-- What to produce --
The answer must be only the lines below from the one holding "Z raidę demonstravę" down to the one holding "Luxury Tree and", ends included, printed exactly; please omit all pictures.

[Provided information — start]

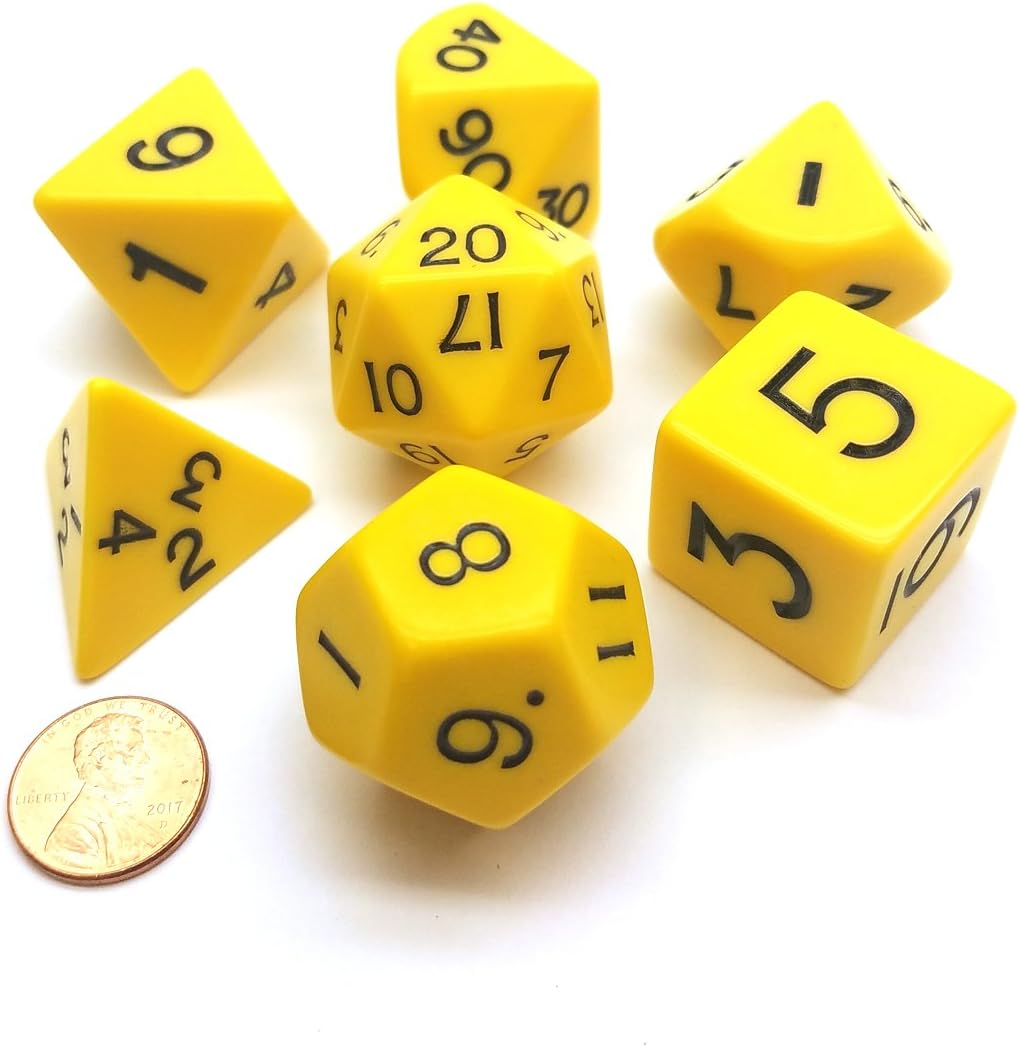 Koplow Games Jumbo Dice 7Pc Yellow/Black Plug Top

[Provided information — finish]
[Provided information — start]

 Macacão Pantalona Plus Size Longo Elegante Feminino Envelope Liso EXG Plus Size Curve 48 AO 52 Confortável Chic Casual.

[Provided information — finish]
[Provided information — start]

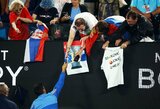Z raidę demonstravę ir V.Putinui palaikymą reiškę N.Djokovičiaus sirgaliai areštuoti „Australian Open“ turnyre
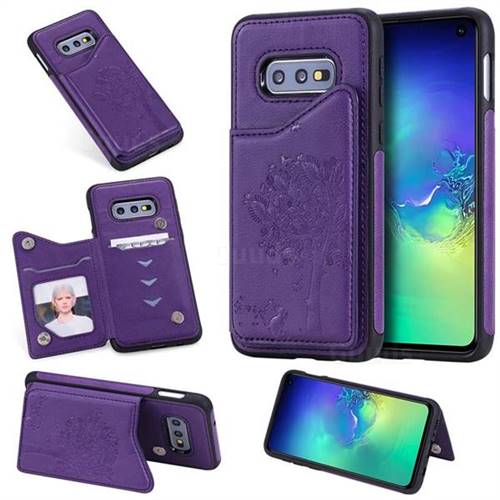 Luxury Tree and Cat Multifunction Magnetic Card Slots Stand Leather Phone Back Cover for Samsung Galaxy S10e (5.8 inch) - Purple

[Provided information — finish]

-- Answer to this task --
Z raidę demonstravę ir V.Putinui palaikymą reiškę N.Djokovičiaus sirgaliai areštuoti „Australian Open“ turnyre
 Luxury Tree and Cat Multifunction Magnetic Card Slots Stand Leather Phone Back Cover for Samsung Galaxy S10e (5.8 inch) - Purple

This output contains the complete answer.